= I Musici de Montréal Chamber Orchestra =

Canadian chamber orchestra

I Musici de Montréal is a Canadian chamber orchestra, founded in 1984 by cellist and conductor Yuli Turovsky.

== About ==
I Musici de Montréal Chamber Orchestra plays a varied repertoire ranging from the 17th century to the present day. It has performed in New York's Lincoln Center and Carnegie Hall, the Gewandhaus in Leipzig, the Seiji Ozawa Hall in Tanglewood, the Tonhalle in Zürich, the Palais des Beaux-Arts in Brussels, the Kioi Hall in Tokyo and the Conservatoire de Musique in Luxembourg.

The director is Yuli Turovsky, who also has performed as cello soloist with the orchestra. From 2011 to 2020 the principal conductor of I Musici de Montréal was Jean-Marie Zeitouni. In 2020, Jean-François Rivest was appointed artistic advisor and principal guest conductor.

== Awards ==
I Musici de Montréal has released more than 40 CDs for the Chandos and Analekta Record Labels. Their 1988 recording of Dmitri Shostakovich's 14th Symphony won a Diapason d'Or, and their Concerti grossi, Op. 6 by George Frideric Handel was awarded a 1992 Penguin Guide Rosette.

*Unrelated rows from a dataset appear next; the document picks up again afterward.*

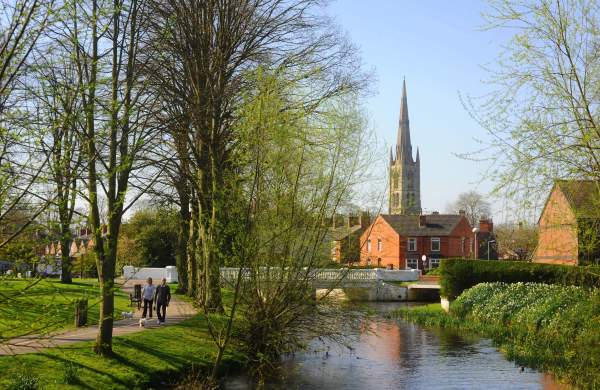 Man and woman walk their dog along the river side with church in background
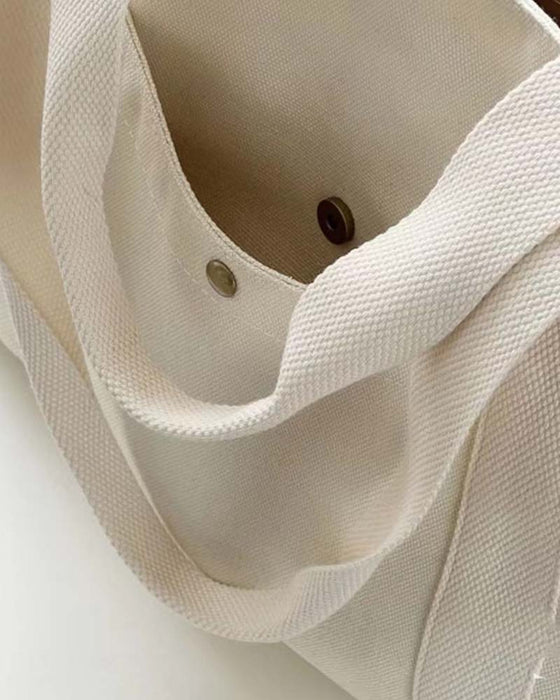 Kanvastaske med dobbelte hanke og stor kapacitet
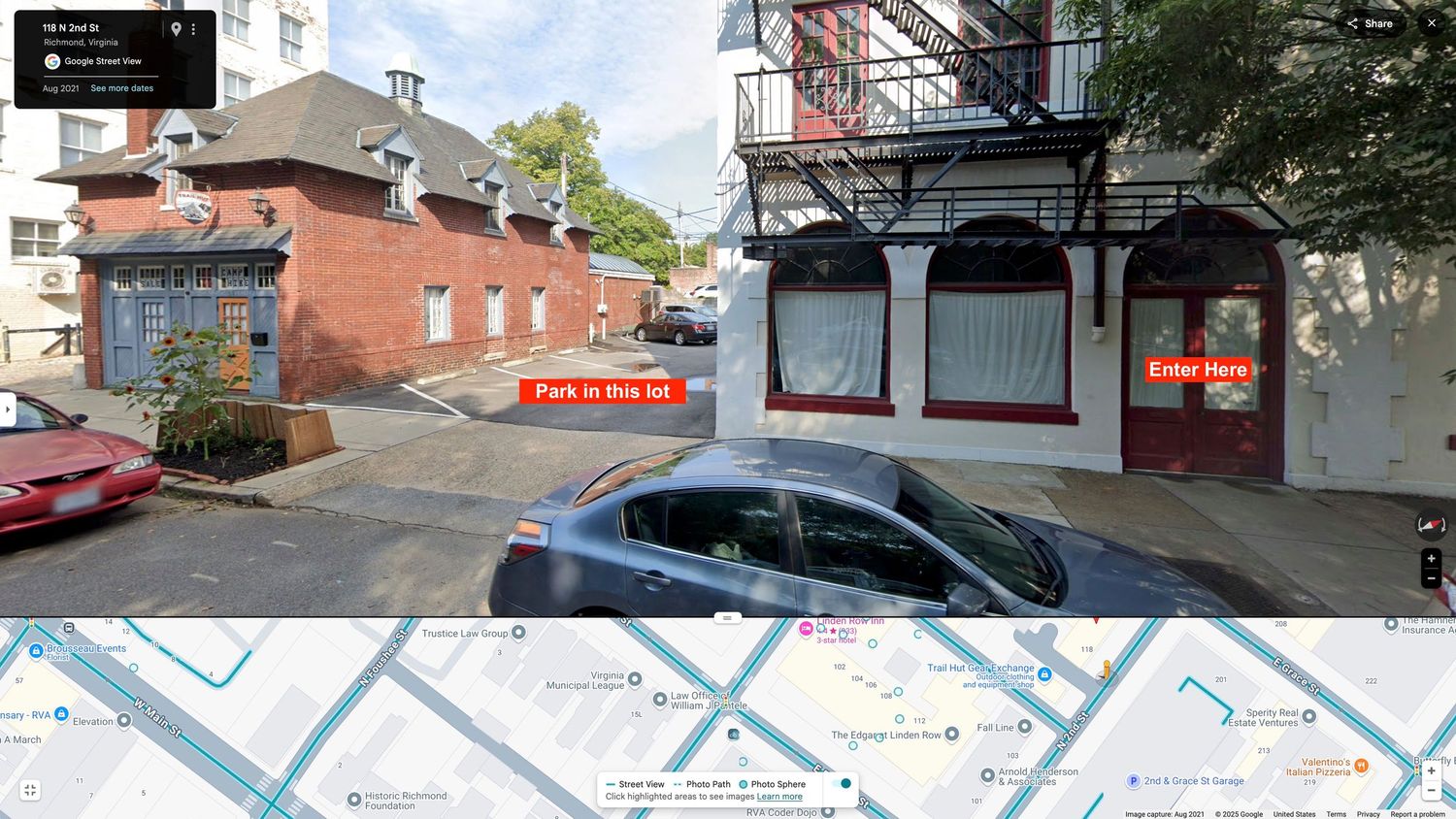 Street view of urban brick buildings with a parking lot and retail spaces, overlaid with a map showing the location.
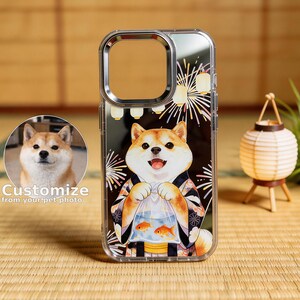 May include: Transparent phone case with a Shiba Inu dog illustration. The dog is wearing a kimono and holding a bag with goldfish, set against a black backdrop with fireworks and lanterns. The text "Customize from your pet photo" is visible.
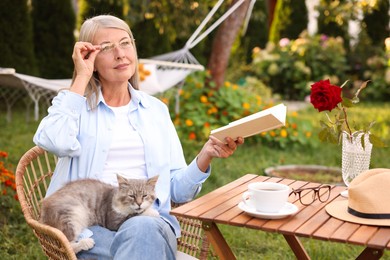 Photo of Senior woman with cat reading book at wooden table in garden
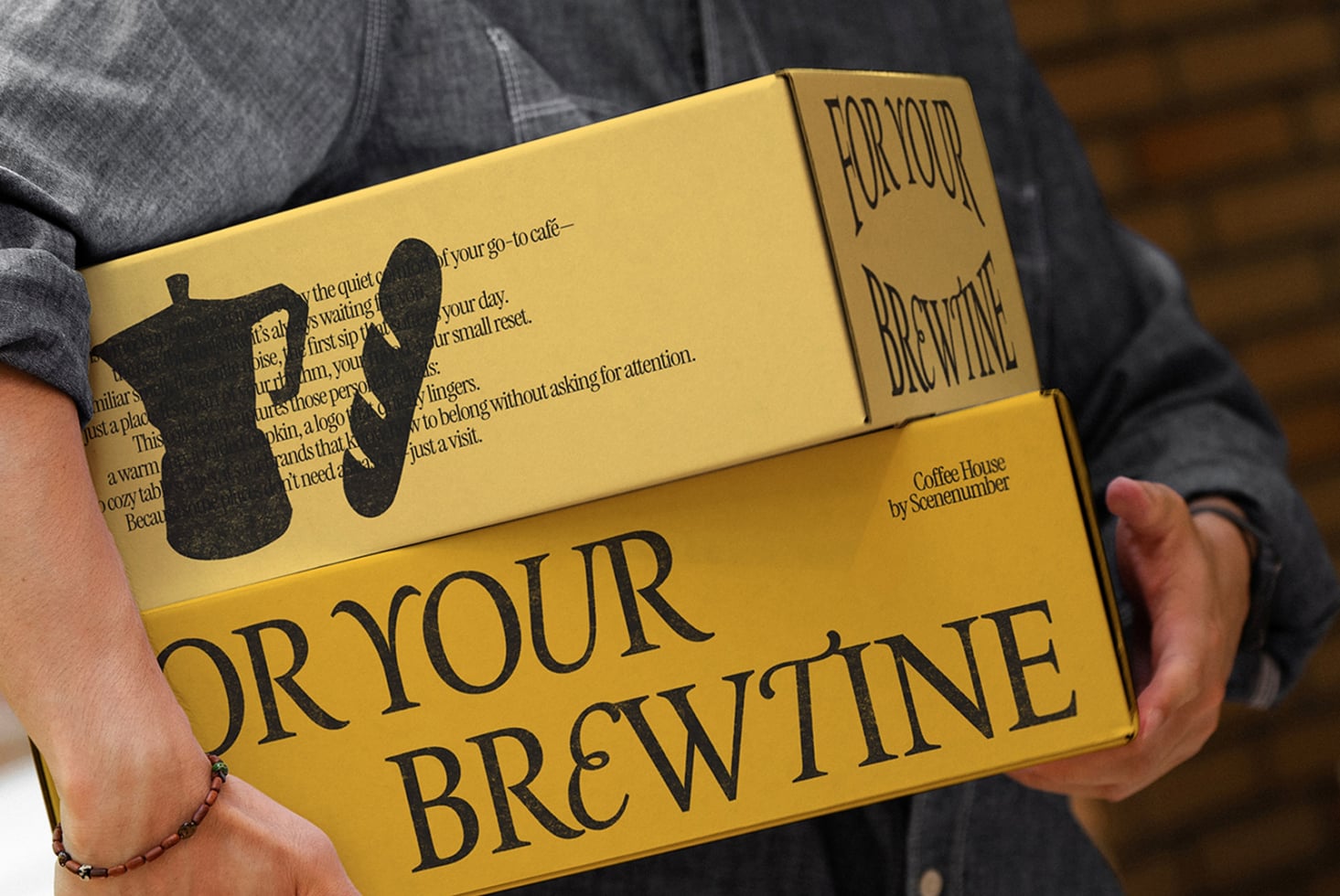 Yellow branded box FOR YOUR BREW with cat cup design, hands holding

In December 1998, the Conseil Québécois de la Musique gave two Opus Awards to the orchestra for Recording Event of the Year and Best Recording - contemporary music for a CD grouping works by Henryk Górecki, Arvo Pärt and Alfred Schnittke. In 1999, I Musici de Montréal was awarded the Grand Prix by the Montreal Urban Community for their contribution to music presentation in and around Montreal.

In August 2001, BBC Music Magazine named as its CD of the Month I Musici de Montréal's 40th CD, a recording of Nikolai Myaskovsky, Schnittke and Edison Denisov, calling it a Russian tour de force. In April 2002, I Musici was nominated for another Canadian Juno Award as Best Classical Album of the Year, after having won a Juno for their recording of Alberto Ginastera, Heitor Villa-Lobos and José Evangelista.